Dataset excerpts
--- START ---
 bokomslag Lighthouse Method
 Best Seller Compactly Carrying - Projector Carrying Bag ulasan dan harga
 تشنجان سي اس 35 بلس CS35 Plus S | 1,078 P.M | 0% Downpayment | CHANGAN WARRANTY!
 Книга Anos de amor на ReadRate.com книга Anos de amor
--- END ---
--- START ---
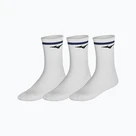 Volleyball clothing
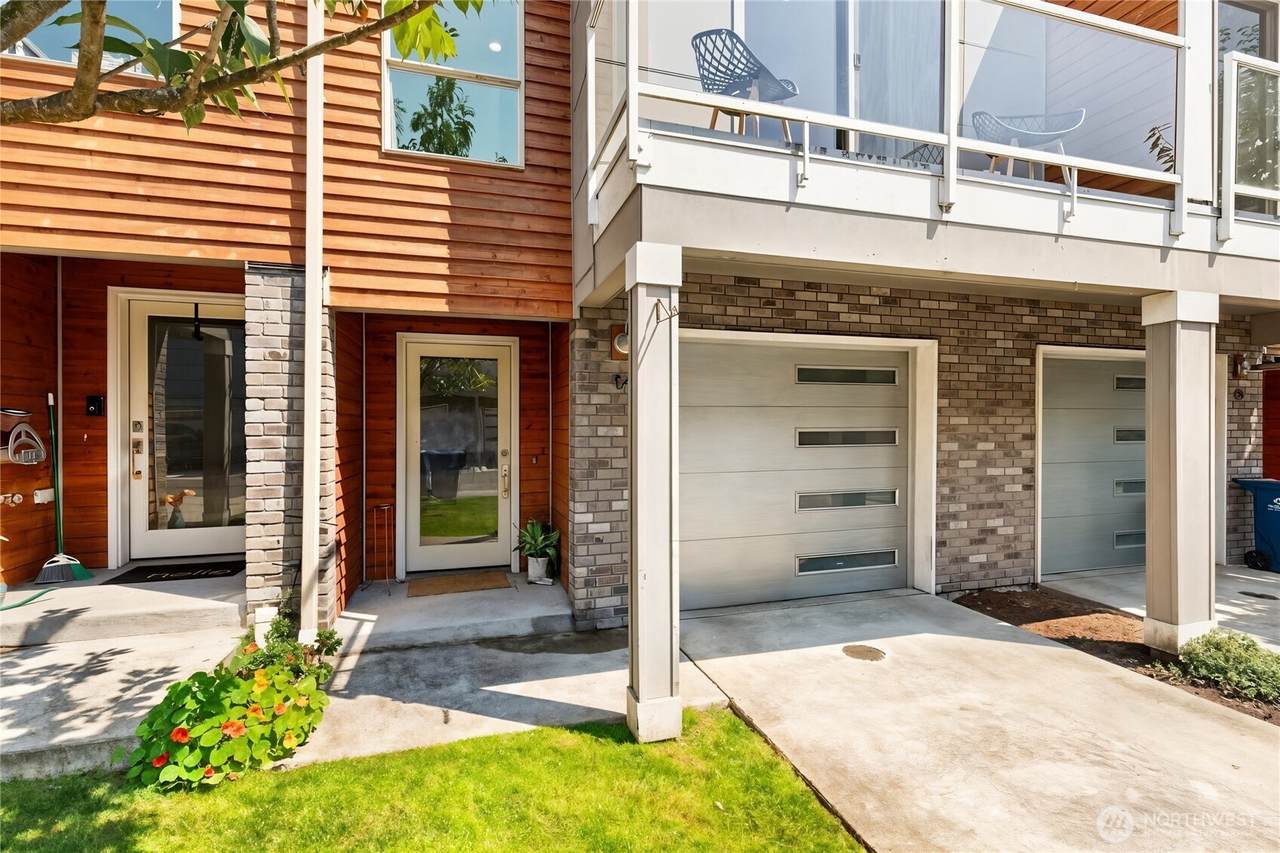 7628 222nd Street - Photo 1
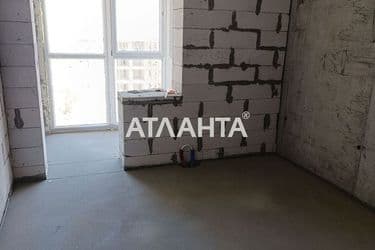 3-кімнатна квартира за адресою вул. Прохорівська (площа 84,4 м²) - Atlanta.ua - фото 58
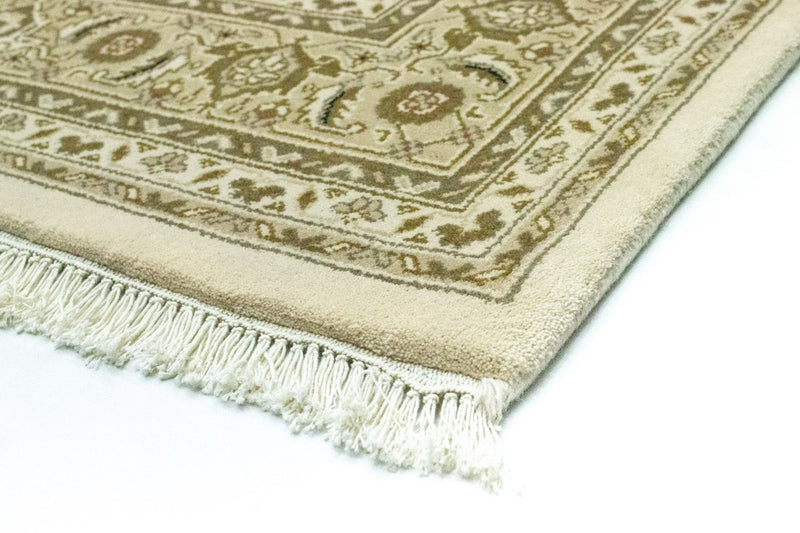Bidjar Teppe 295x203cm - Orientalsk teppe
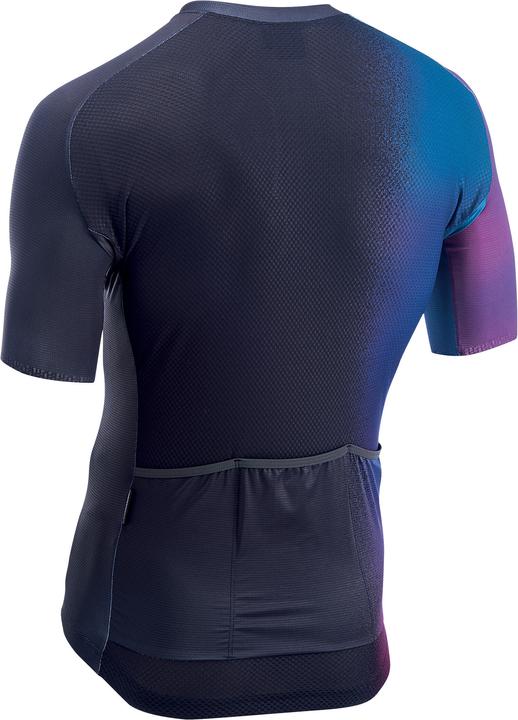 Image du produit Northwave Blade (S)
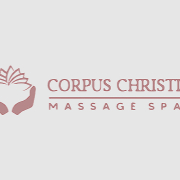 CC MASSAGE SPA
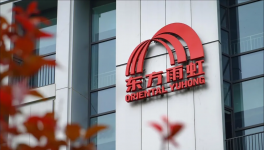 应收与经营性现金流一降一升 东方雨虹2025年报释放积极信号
--- END ---
What you give back must be the stretch above, starting at the line with "bokomslag Lighthouse Method" and ending at the line with "Книга Anos de amor на", copied exactly.

Output of the task
 bokomslag Lighthouse Method
 Best Seller Compactly Carrying - Projector Carrying Bag ulasan dan harga
 تشنجان سي اس 35 بلس CS35 Plus S | 1,078 P.M | 0% Downpayment | CHANGAN WARRANTY!
 Книга Anos de amor на ReadRate.com книга Anos de amor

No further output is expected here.